In general, I tried to ensure that there was always an active rotation of refitters and folks at the front. I loathe the battle-refit-battle-refit cycle that everyone falls into. It's hard not to, but if you can avoid it, you put your enemy under constant pressure. Mistakes get amplified. More opportunities can be exploited.
Thank the devil you showed up before this thread got locked.
I'm crashing hard too, so I'll keep my response brief. Your constant pressure strategy worked wonders, and the uniform banners were definitely an interesting trick.
To be honest, the Melhed that talked a lot about war was not actually so good at war itself. The few people at the top who were banging the war drums dropped off their activity right after the war-dec. Our combined armies had a really rough time trying to repulse the constant attacks. Thal's greater number of nobles definitely helped with this. When we started out the war, we had the Blood Wolves and the Inner Guard (a defense/rogue-killing) army. The Inner Guard was basically me and a bunch of quasi-active courtiers and priests. It got disbanded soon enough and a new army called Dragonstrike was founded.
Maya was made marshal of Dragonstrike, and we sailed off and plundered the Thal north in an attempt to reciprocate the looting stratagem. It worked a little bit and gave us a nice thing to cheer about at home, but we were too spread out. At least we did some good damage to Sandefur. The Thal counterattack on Sandefur was pretty badass with Marc de Coivos and Maya holding off superior numbers. That was one of my favorite battles in my time in BM. Had an Alamo feel to it, amplified by Jaeger Guile's magic attack on Maya (and Marc too I think). This attack on Sandefur was known in Melite royal circles as 'Maya's honeymoon' since it was her first act as Queen, following her marriage to Yeux. He turned to focus on priest stuff after that.
At this point we started going through generals like crazy; government ministers and marshals were losing spirit. Levon Arrakis served for a bit then quit and paused. For some reason the idea to fold Dragonstrike into the Blood Wolves won out in the realm, and we basically only had one army then, which is probably why in the late game we failed horribly in facing the constant Thal attacks.
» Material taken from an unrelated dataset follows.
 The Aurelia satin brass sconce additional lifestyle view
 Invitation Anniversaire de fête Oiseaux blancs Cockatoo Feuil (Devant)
One thing I learned from this war was that despite Maya's best intentions to save Melhed, a lot of Melites didn't give her any respect for what was perceived as her selfish power-grab. To her, it was a selfless sacrifice - she wanted to see the war through, where no one else seemed to want to have that responsibility. She expected that if she lost, she'd be exiled and lose everything. Now, after the peace and rebellion, she sees every day of her reign as a blessing.